Gobsmacked but Knackered Across the Pond

I’m on an impromptu trip to England, which is my excuse for being late with my usual Thursday post. As someone with (undiagnosed, but probable) OCD, it pains me not to hand things in on time, even if these deadlines are self-imposed. But I have been experiencing sensory overload since arriving and this led to writers’ block. For a Toronto gal where Cabbagetown is a “historical” neighbourhood and already too much to absorb, England is like gorging on 50 all-dressed pizzas of ancient history in one sitting. I’m too bloated from rich material to write in any sort of focused manner.

 

Anyway, I’m really grateful to be tagging along with John, who was invited to Oxford as a global expert on something he modestly claims to know little about. Neither of us really knows England. I came here only once before with my parents when I was little. There are only two things I remember from that trip: a bomb scare on our plane to Heathrow causing a major diversion; and, my sister and I being admonished by a bobby for climbing the lion statues at Trafalgar Square. John has never been here. Luckily, he is genetically hardwired because of his deep Anglo roots to expertly traverse the complex web of London streets and the Underground.

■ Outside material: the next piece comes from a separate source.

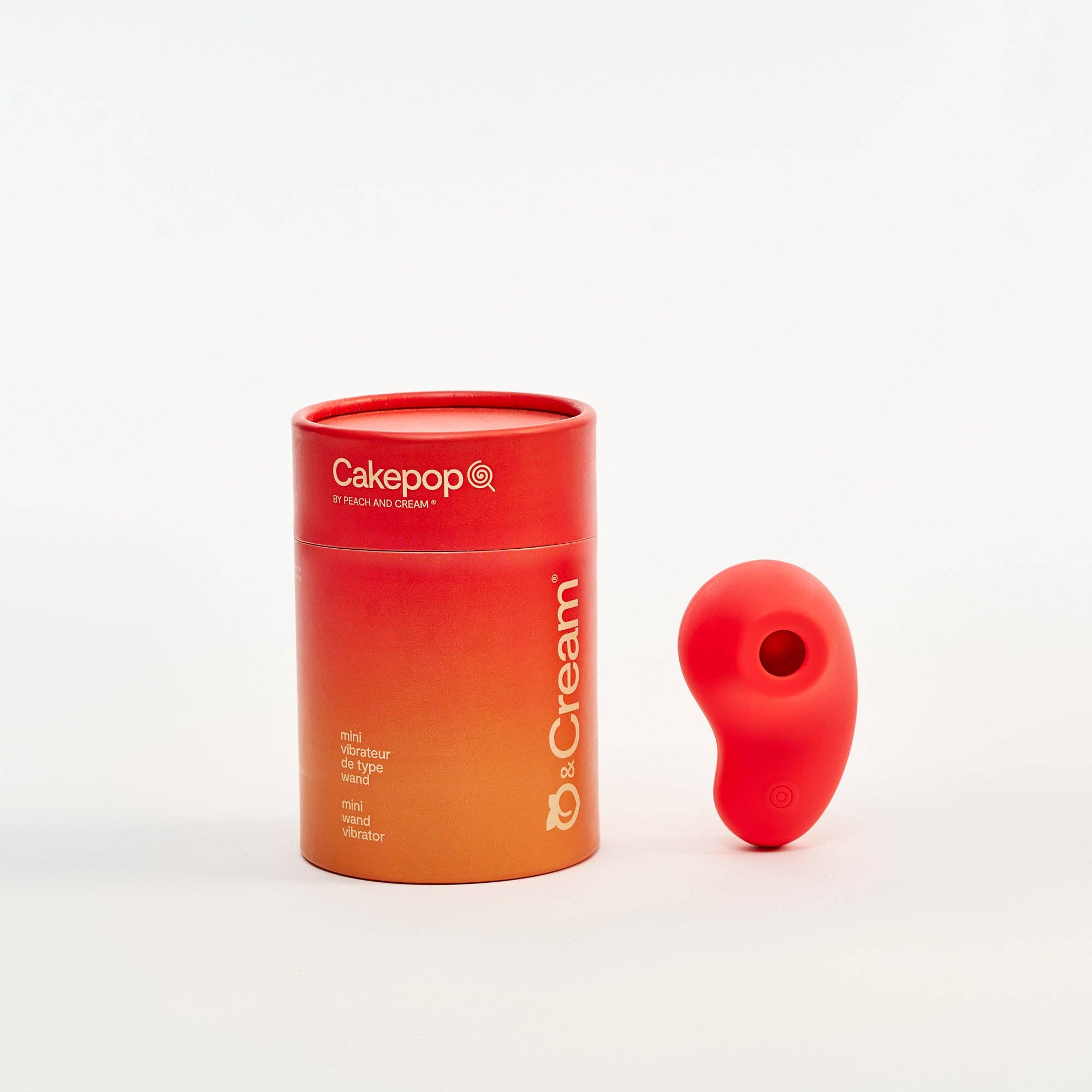 Peach and Cream ® – Großhandel Sexspielzeug – Klitoraler Saugvibrator – Aura1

Without the CN Tower as my navigational city compass, I am completely disoriented so have not let him out of my sight.

 

Travelling together is always an exercise in compromise because we are drawn to different things. His must-dos are so serious and well-planned. Accompanying him on his top picks instantly raises my IQ by 15 points. I mean one doesn’t read the Magna Carta at the British Library, stare adoringly at Medieval art at the Courtauld Gallery, or listen spellbound to the resident choir at the spectacular Church of St. Martin-in-the-Fields without some sort of cognitive benefit. I have to hand it to John though. He’s got a nose for sussing out hidden gems like the Foundling Museum, which was originally a hospital established in 1739 for children at risk of abandonment. Back then mothers left a piece of fabric (keeping an identical piece for themselves) and a small token to identify their child in case they were in a position to reclaim them later. There is a display of tokens – coins, bracelets, medallions – heartbreaking symbols of loss.

 

The old churches, museums, and galleries have been spectacular but it’s those spontaneous conversations with locals that I will remember more. There was the charming constable guarding 10 Downing Street who confided that he wasn’t a huge fan of his new boss (something to do with her stand on police pensions) and that it was her financier husband Philip who “rules the roost” (John pointed out afterwards he may have been “taking the piss” – another British expression I learned on this trip). Then there was a lovely journalist from the Daily Mail (good people can work for bad organizations – remember the phone hacking scandal) who was coveting our dessert (yoghurt cake with pistachios and pomegranate) at Moro which led to a fabulous conversation about our career aspirations – and a professional connection across the pond. The waiter at Lima (best Peruvian food I’ve ever eaten) was a Spaniard who shared his dreams of opening a small unpretentious place to nourish physically and spiritually. And the elderly prison activists at Fine Cell Work, a social enterprise store selling handicrafts made by inmates, briefly restored my faith in humanity (we spent a bloody fortune but we certainly don’t need any convincing about the benefits of progressive programs to society).

 

We have only scratched the surface of what England has to offer. Our country is of course a mere babe in comparison, for so  long in its shadow. We stumbled upon a memorial to Sir John A. Macdonald in the crypt of St. Paul’s Cathedral with the inscription: “A British subject I was born / A British subject I will die.” We’ve come a long way in forging a more distinct national identify in a relatively short time since our first PM uttered those words. And while we can’t compete on so many levels, John overheard one of the women at Fine Cell Work say to her colleague, “Canada is the only sensible place left on earth.”